プゾー製エボーシュ(Peseux 260 ébauche)

プゾー製エボーシュ Peseux 260とは、カリ・ヴティライネンがオブセルヴァトワールのムーブメントエボーシュに使用したクロノメータームーヴメントです。


天文台主催のクロノメーターコンクール用に開発され、1943年から1971年まで約25年間生産されましたが、生産量はわずか3,302機と言われています。天文台コンクールを制し、商業用としてはいっさい量産されなかったため、一般に市場には流通しなかった幻の名機です。


直径13.3mmの大きなテンワは毎時18,000振動のロービートでありながら、わずか週差1/10秒という精度を記録し、今日の機械式時計において同レベルのものは存在しないでしょう。


その名機をもとに、ブリッジデザインやフリースプラング他、カリ・ヴティライネンの磨き抜かれた技術とデザインセンスによってクロノメーター オブセルヴァトワールのムーヴメントが完成されています。

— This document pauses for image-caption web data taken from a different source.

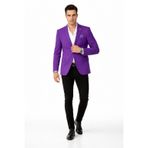 Plus Scorpion Erkek Slim Fit Mono Yaka Tek Düğmeli Blazer Ceket - Çift Yırtmaçlı, Premium Dokuma (Mor, 50)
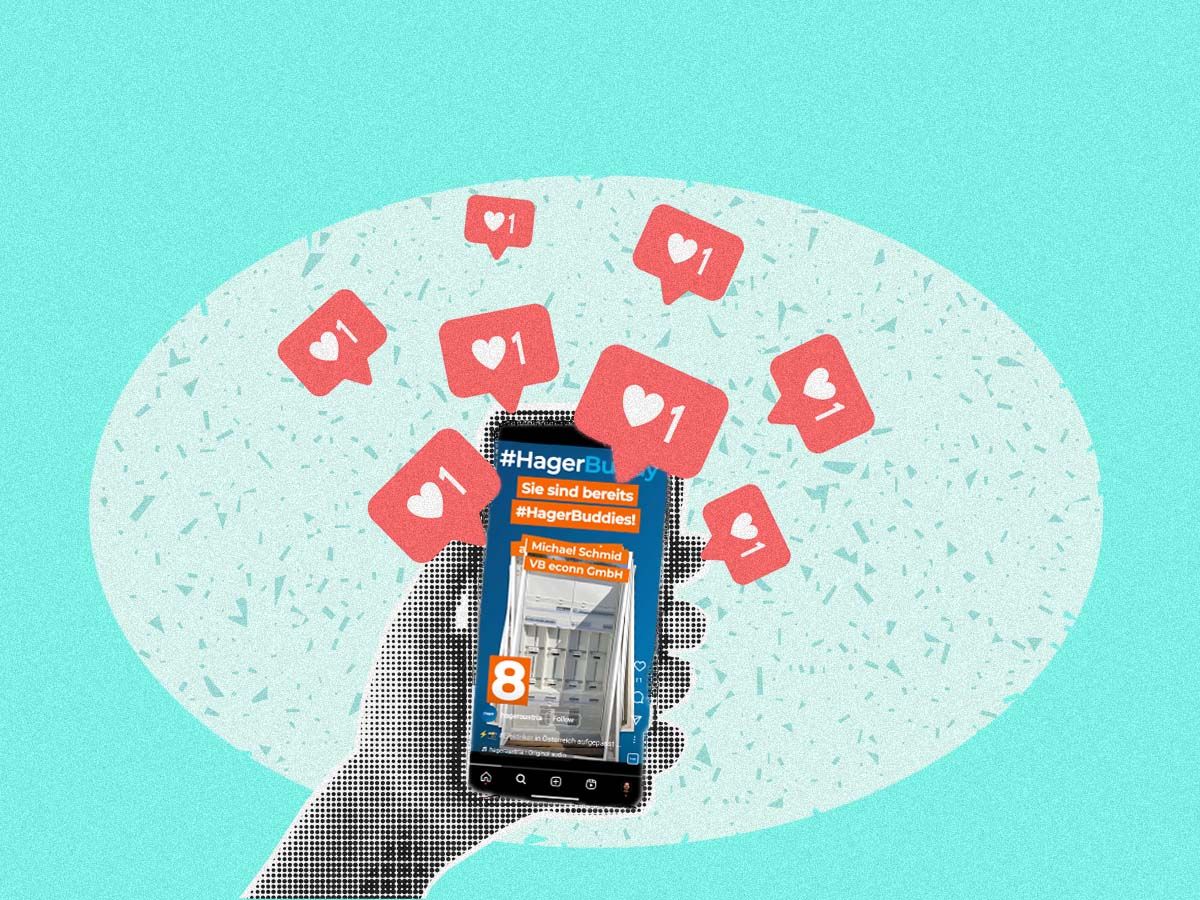 Illustration: Smartphone mit HagerBuddy-Post und Like-Icons, Symbol für Reichweite, Interaktion und Social Media Community.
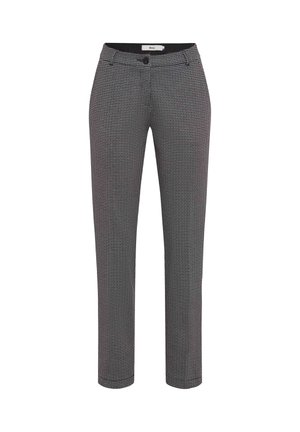 Black and white checked trousers, straight leg, featuring a button closure, belt loops, and side pockets. Smooth fabric with subtle texture.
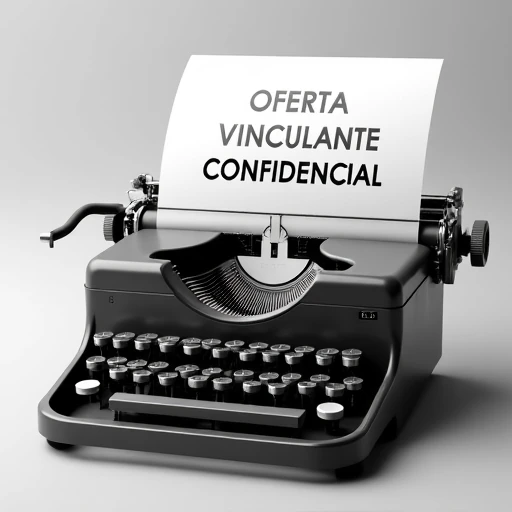 Máquina de escribir antigua con un papel en que tiene escrito OFERTA VINCULANTE CONFIDENCIAL Modelo de oferta vinculante confidencial MASC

類まれな歴史的キャリバーに加えて、カリ・ヴティライネンは、極めて希少でユニークなヒゲゼンマイを採用しました。この特別なヒゲゼンマイは、バネの外側には高級時計によく用いられるブレゲの巻き上げヒゲ、重要な内端カーブにはグロスマンカーブが使われています。


グロスマンは、20世紀初頭、ル・ロックルの時計製造学校の教師であり、バネの外側の巻き上げヒゲと同等の配慮を、ヒゲゼンマイの内端カーブに向けるテクニックを確立しました。


今日では、グロスマンカーブは使用されなくなりほとんど知られていませんが、"オブセルヴァトワール" リストウォッチは、今世紀、グロスマンカーブを初めて使用した腕時計として注目されています。